The arrest of the leader of the Opposition as a 'Rama-SPAK pact'

Alfred Lela

SPAK did not do what the law stipulated the first time. Because, in the interpretation that this body makes of the Constitution, the removal of the passport and the obligation to appear before the court for the MP mandated by the people, Sali Berisha, is not a restriction of freedom. Thus, the special prosecutors did not ask the Assembly for permission to impose restrictions on the MP, former President, and former Prime Minister. A consent they would have received, for sure, knowing that the majority in the Assembly belonged to Edi Rama's Socialist Party.

This interpretation did not convince Berisha, but neither did a good part of opinion makers in Albania. The head of the opposition continued the battle as if nothing had happened, not appearing before the judicial police but "appearing" before the Constitution. 

This exposed SPAK as an instance that is being ignored, and its prosecutors reacted by changing the measure of arrest from 'mandatory appearance' to 'house arrest.' 

What has changed that the security measure is changing, would be the first logical question?

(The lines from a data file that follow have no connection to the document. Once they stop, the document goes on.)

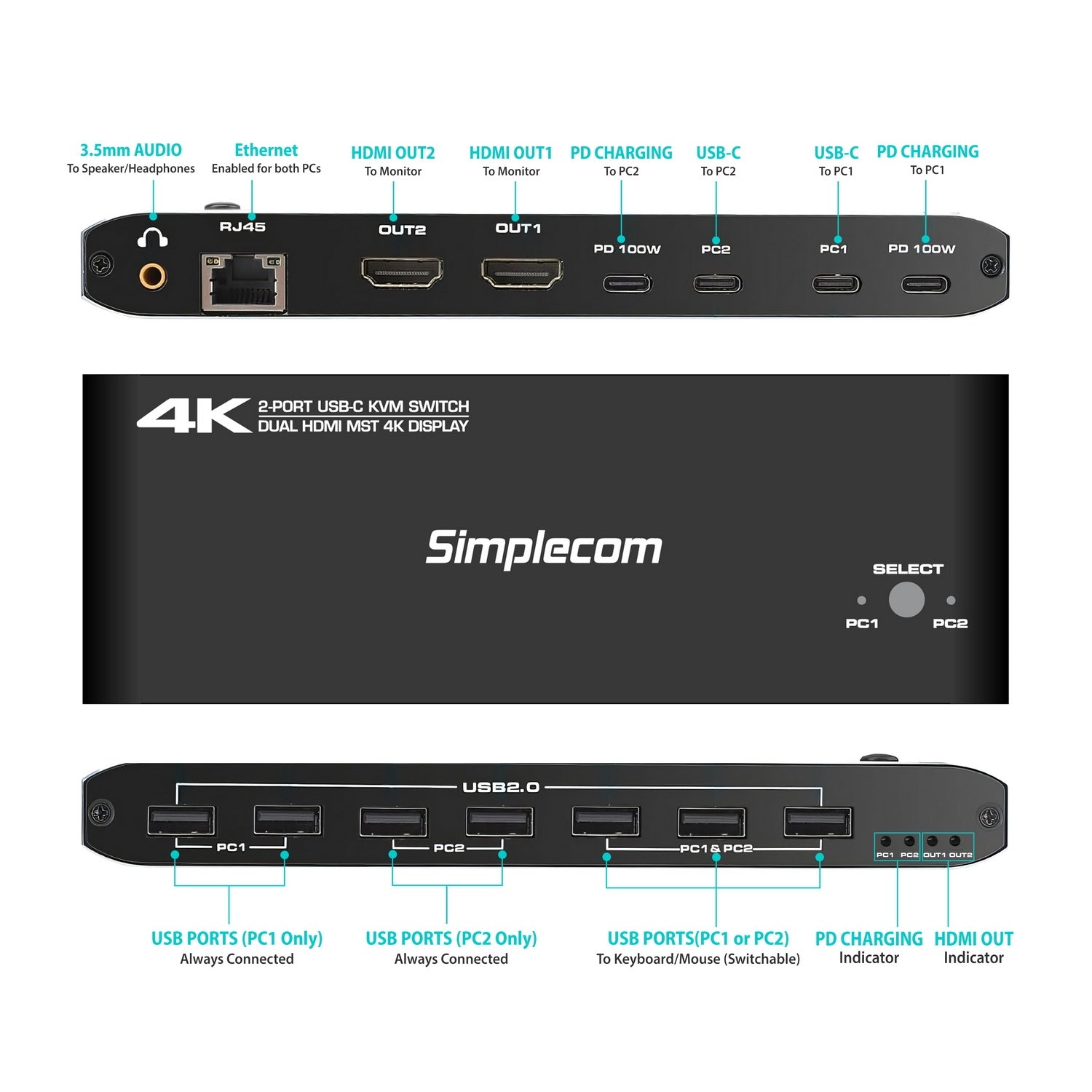 Simplecom KM590 2-Port USB-C Dual 4K HDMI Monitor KVM Switch and Docking Station with Network Sharing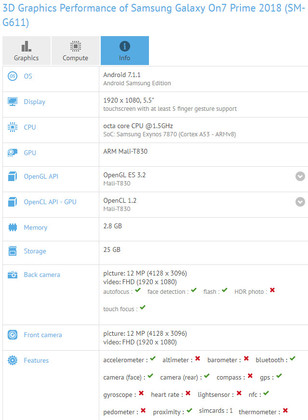 Galaxy On7 Prime 2018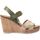 Chaussures Femme Sandales et Nu-pieds Plakton Platform plantio Vert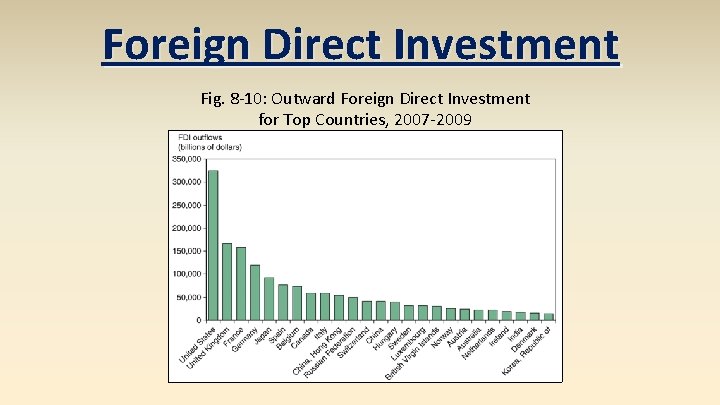 Foreign Direct Investment Fig. 8 -10: Outward Foreign Direct Investment for Top Countries, 2007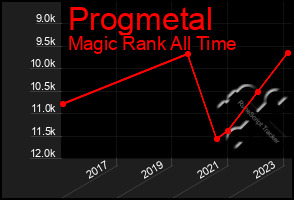 Total Graph of Progmetal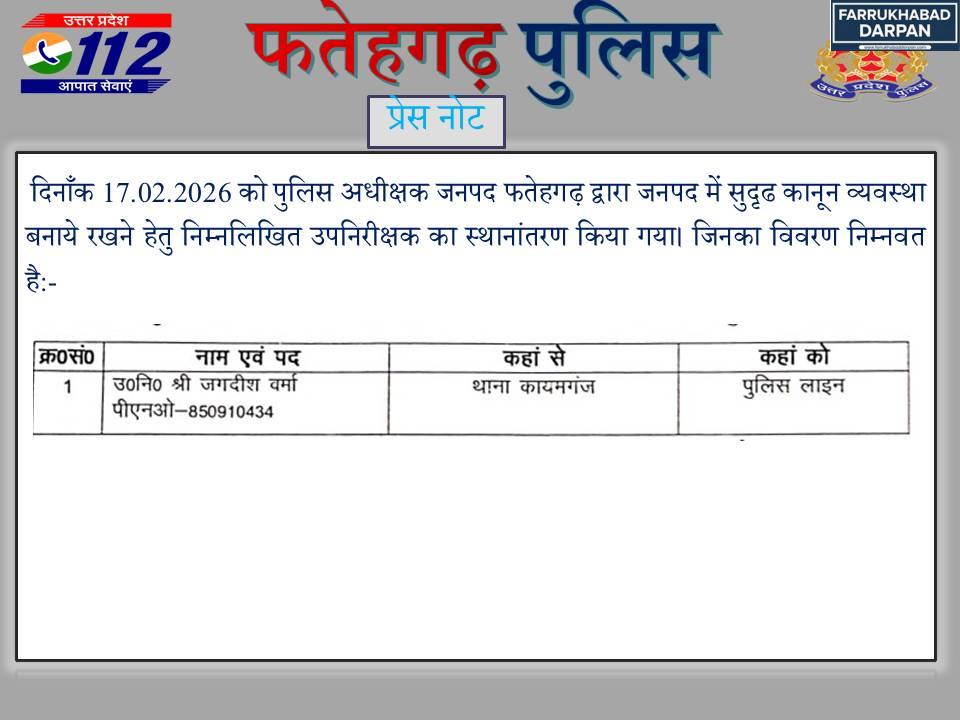 फर्रुखाबाद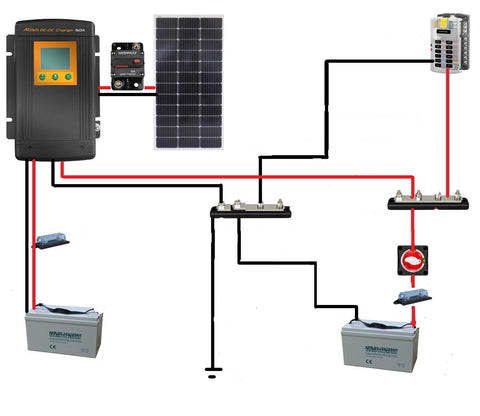Cargo Trailer Conversion Electrical System Transporter, Transit Custom - Full Electrical Off-Grid Camper conversi ...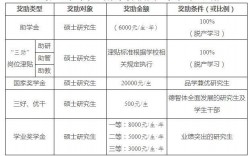 西安大学教师收入（西安大学教师收入高吗）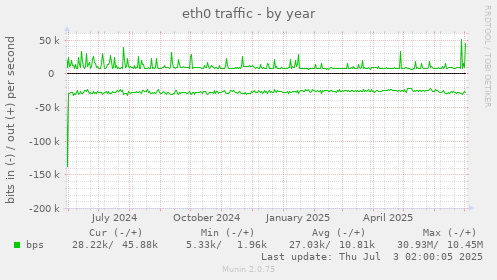 eth0 traffic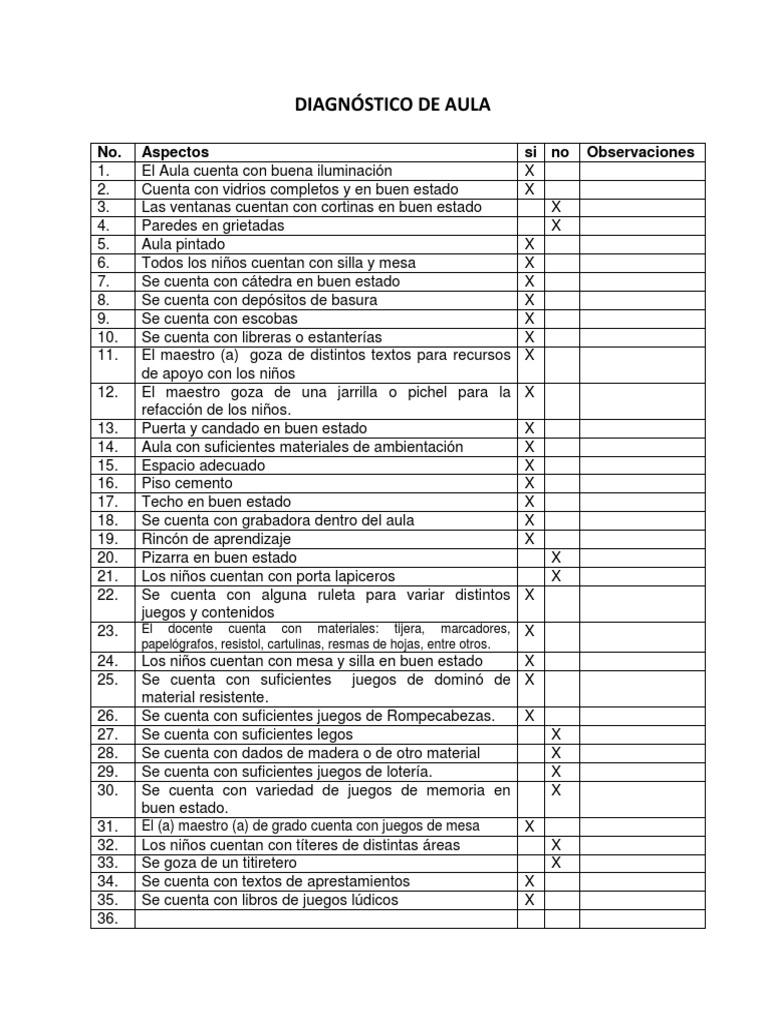 Diagnóstico y Plan de Mejora del Aula | PDF | Salón de clases | Maestros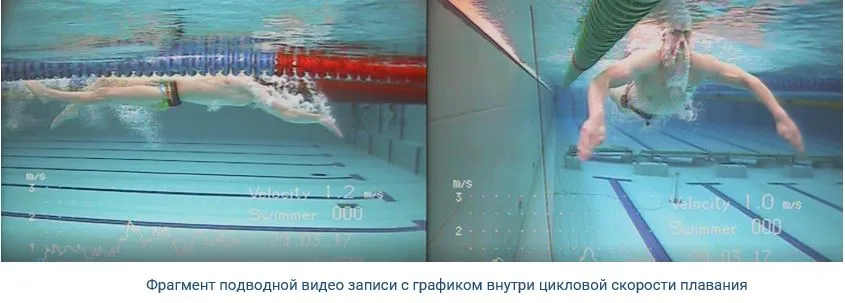 Регистрационный видеокомплекс оценки подводной и надводной техники плавания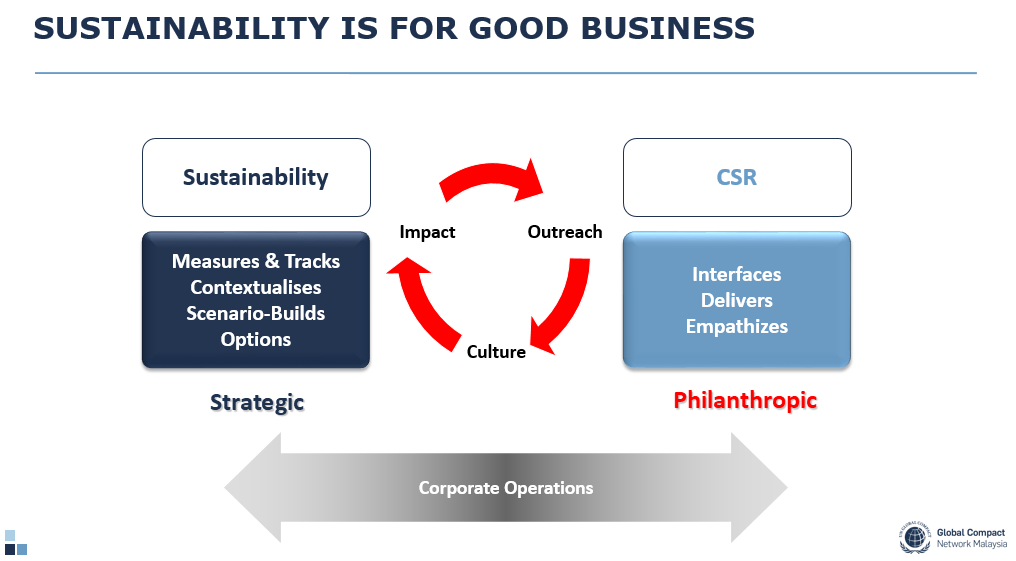 sustainability is good for business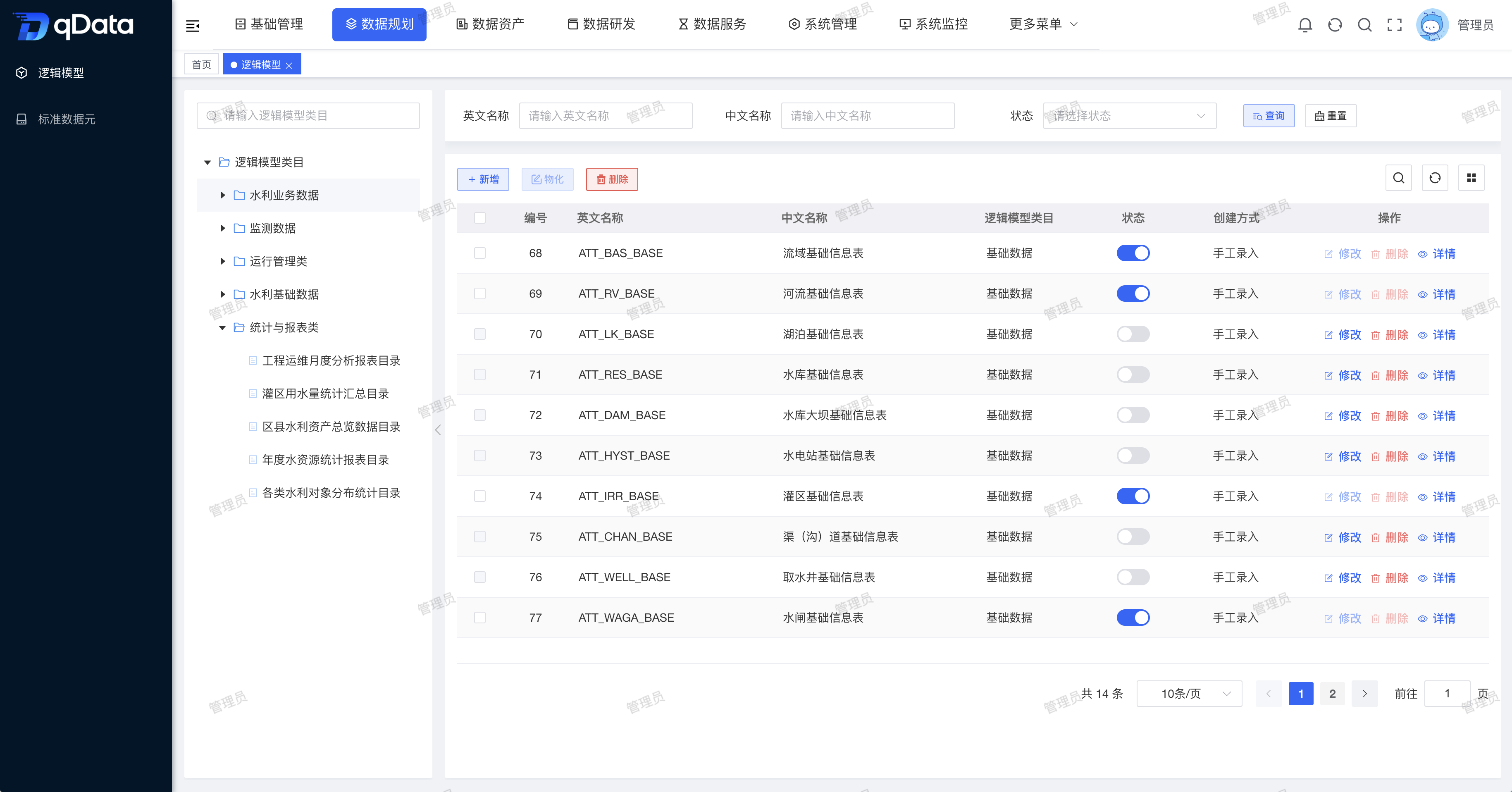 逻辑模型列表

Are there signs that Berisha can escape? Is there new evidence that forces the measure to get tougher?

It's neither of those. SPAK is doing damage control or restoring control over the situation and the 'disobedient' subject, Berisha.

So, it is atoning for violating the Constitution that it made itself with another mistake, unnecessary tightening of the security measure.

The only danger that could lead to this tightening is the possibility of Mr. Berisha's escape. So, from today until Thursday, when the Parliament decides, SPAK must guard the subject. Of course, like Berisha's biggest enemies, the prosecutors know that someone who didn't run away once during the siege won't run away even now when the blockade, even though it seems harsh, is a cardboard wall.

Why then?

SPAK is clearly being instructed or acting under extra-institutional, meaning political, directives. Analysis of the facts leads to only one conclusion. A pact between Rama and SPAK allows the latter to prove itself as a worthy representative of the new justice and the American investment in this reform. At the heart of this pact is a red line that SPAK cannot cross. Around the line, Altin Dumani and his team can do whatever they want but go there and back. With both feet on this line, Edi Rama, Erion Veliaj, and 2-to three other people, probably a family member, should not be touched. In return, Rama allows Dumani, with no fuss, to investigate everyone else in the government or administration, asking him for something in return: the prosecution of Sali Berisha. Without the latter, Rama, regardless of power, would have difficulty surviving pressure from his party. The socialists could not understand nor forgive how their people fell, and nothing touched Berisha when Rama himself kept them in the hope of his punishment. At least for January 21, the victims of which he led to the ambush, among others, enacted by one of his current mayors.  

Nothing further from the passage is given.